Data
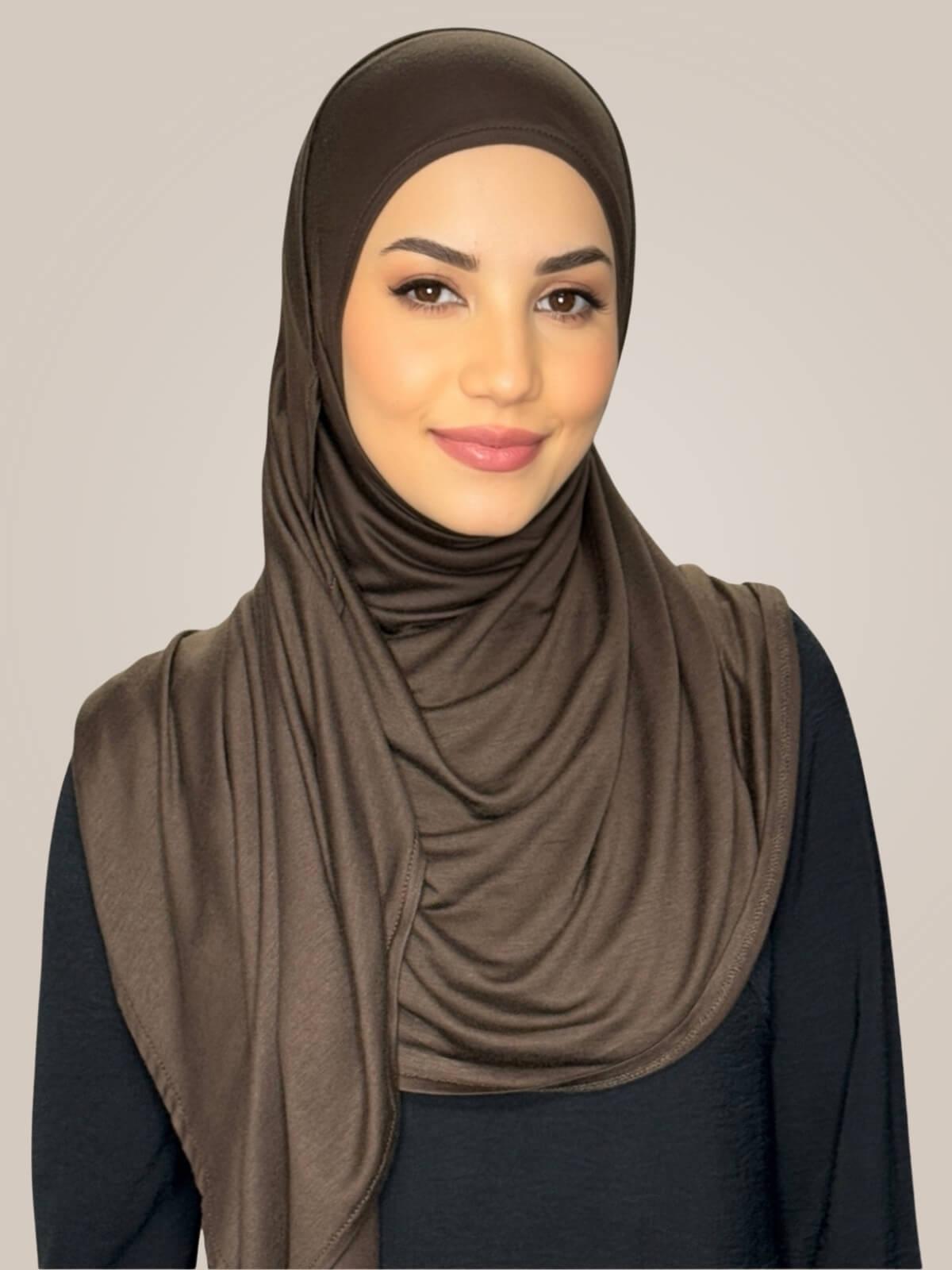 Pre-Sewn Jersey Hijab-Chocolate Brown
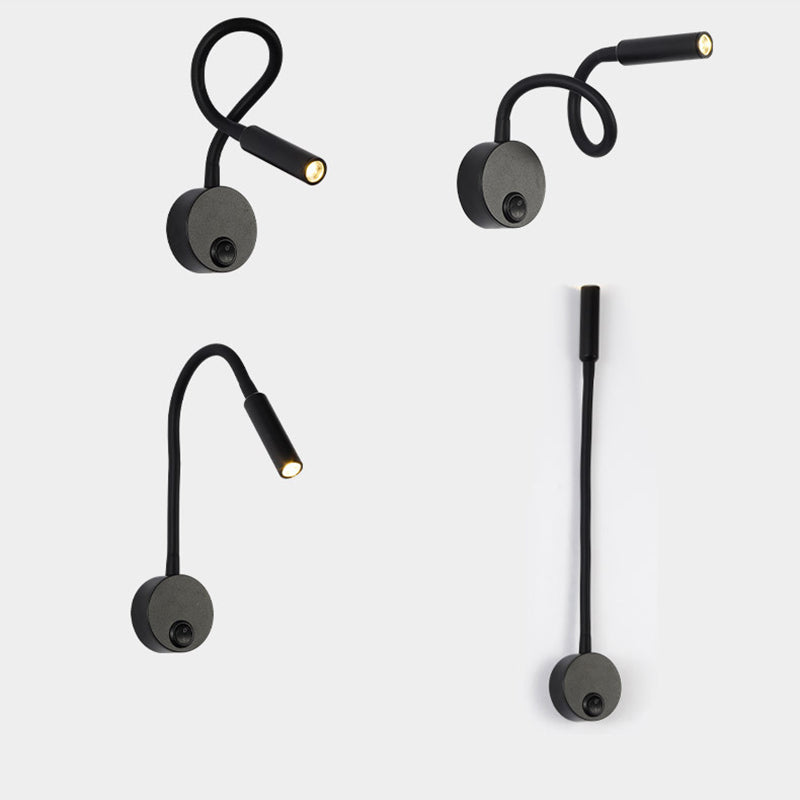 BowLift | Modern Minimalist Iron Round Flexible Bend Tube LED Reading Lamp Wall Sconce Lamp for Bedroom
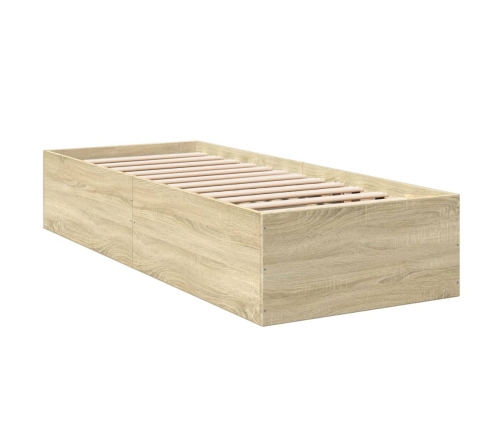 Estructura de cama madera de ingeniería roble Sonoma 90x190 cm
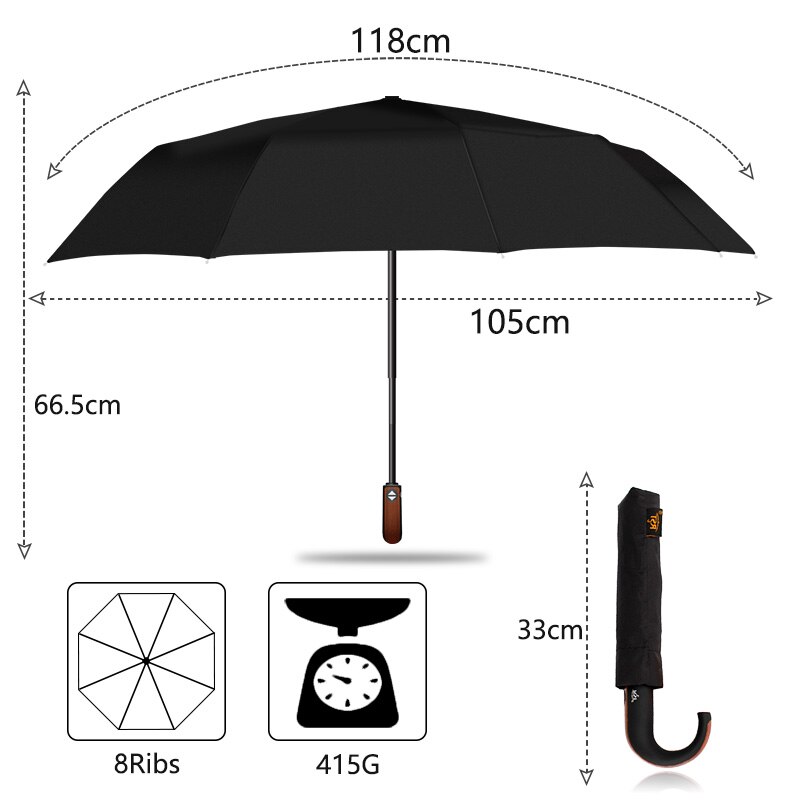 Første klassiske engelsk stil paraply mænd automatisk stærk vindafvisende 3 foldende paraply regn forretning mandlig parasol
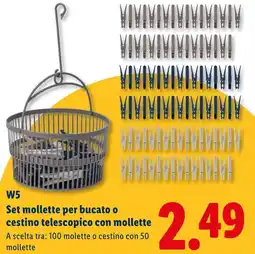 Lidl W5 Set mollette per bucato o cestino telescopico con mollette offerta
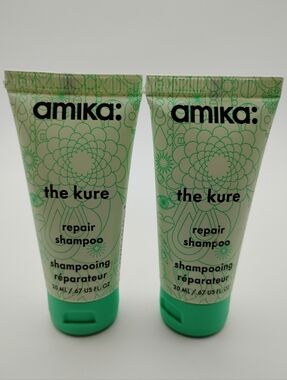 2 Amika The Kure Repair Shampoo Tubes Brand New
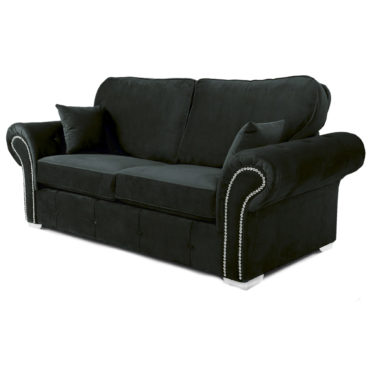 Oakland 3 Seater Sofa Plush Velvet Black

Task to complete
Give again, word for word, each line from the one holding "2 Amika The" through the end of the entries, and leave out any picture.

Result of the task
 2 Amika The Kure Repair Shampoo Tubes Brand New
 Oakland 3 Seater Sofa Plush Velvet Black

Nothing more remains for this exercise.